• **YOUR GOAL**: Skip the pictures. Give all the data again exactly.

• **DATASET EXCERPT**:
┌──
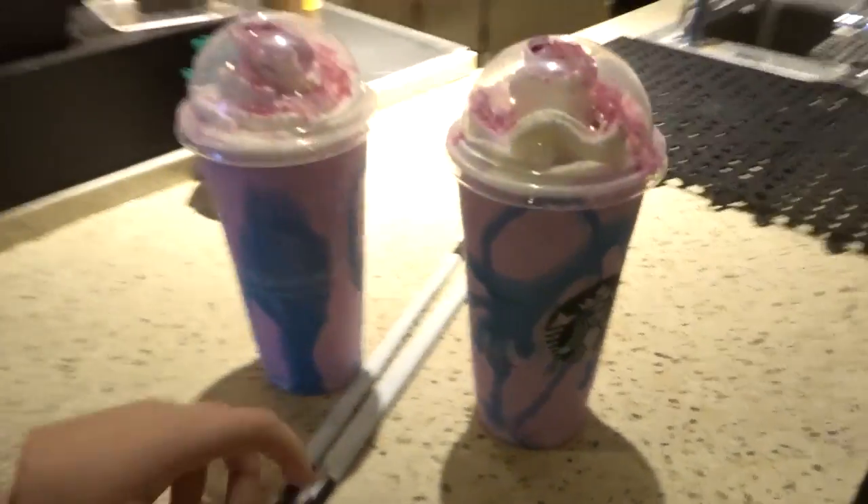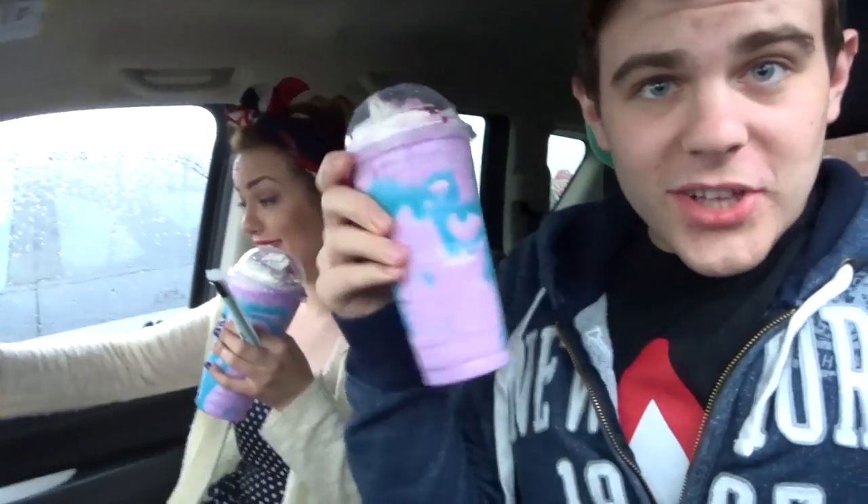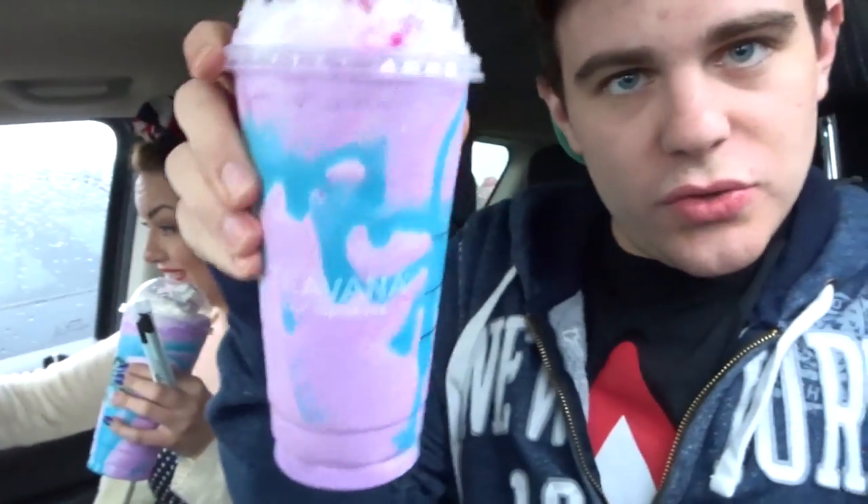Thank you! We got the Starbucks. Unicorn — look at that! That is so cute and so pretty, Teresa. The Frappuccino. Alright, let's get home so we can dig into these. And by the way, it's only available for five days and today is day one. So if you haven't gotten it, go get it — limited time!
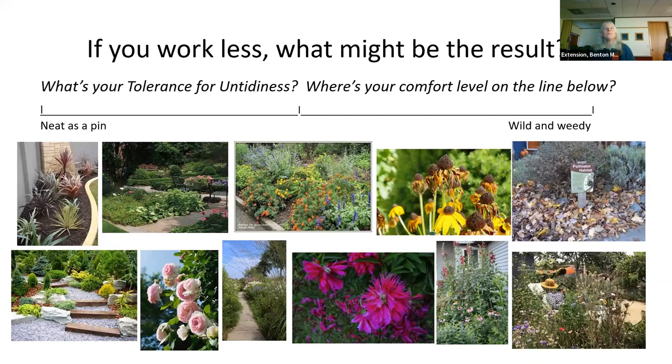If you work less, what might be the result? On the survey is what I call your tolerance for untidiness — where your comfort level is on that line. Pictures on the left are very tidy, neat as a pin, and actually pretty low maintenance. Moving toward the center, you have plants spilling over, some that people might think need deadheading unless you're planning to feed the birds. Moving farther to the right, you end up with more of a naturalistic, perhaps pollinator-friendly garden — not so tidy. Figure out where you are.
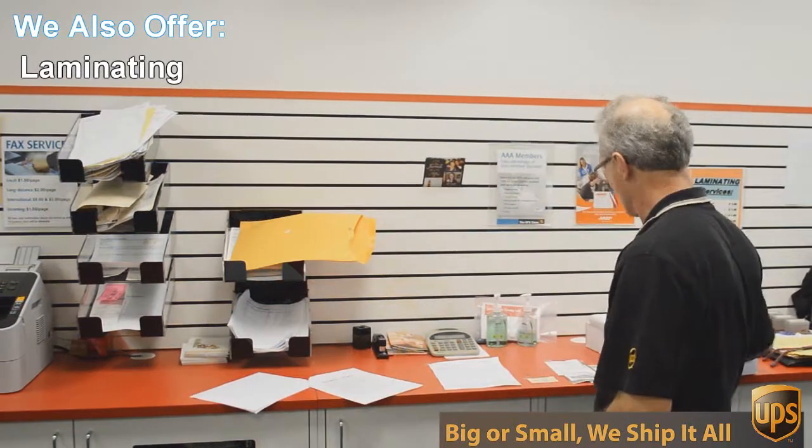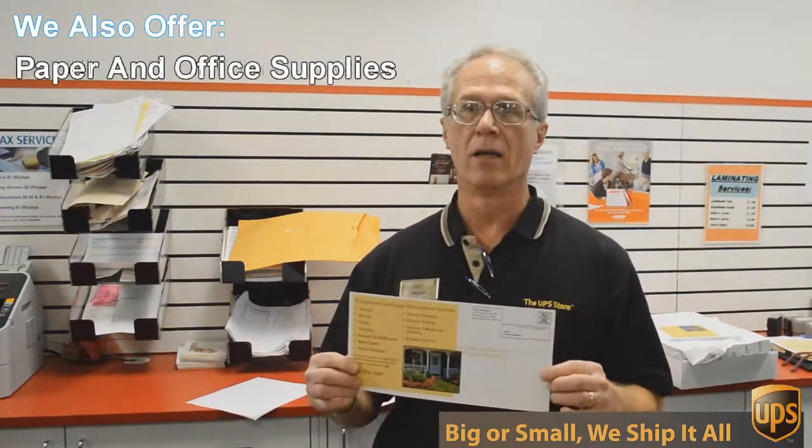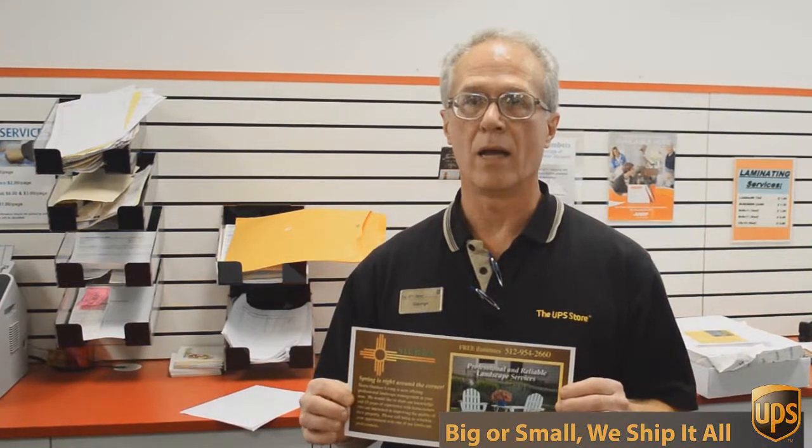An example of that would be this flyer here that we're doing today. This is a double-sided six by 12 inch flyer, full color, and we're going to send out 717 of these to Austin addresses, printed double-sided color — all for 49 cents each. Can't beat that.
└──
• **OUTPUT BELOW**:
Thank you! We got the Starbucks. Unicorn — look at that! That is so cute and so pretty, Teresa. The Frappuccino. Alright, let's get home so we can dig into these. And by the way, it's only available for five days and today is day one. So if you haven't gotten it, go get it — limited time!
If you work less, what might be the result? On the survey is what I call your tolerance for untidiness — where your comfort level is on that line. Pictures on the left are very tidy, neat as a pin, and actually pretty low maintenance. Moving toward the center, you have plants spilling over, some that people might think need deadheading unless you're planning to feed the birds. Moving farther to the right, you end up with more of a naturalistic, perhaps pollinator-friendly garden — not so tidy. Figure out where you are.
An example of that would be this flyer here that we're doing today. This is a double-sided six by 12 inch flyer, full color, and we're going to send out 717 of these to Austin addresses, printed double-sided color — all for 49 cents each. Can't beat that.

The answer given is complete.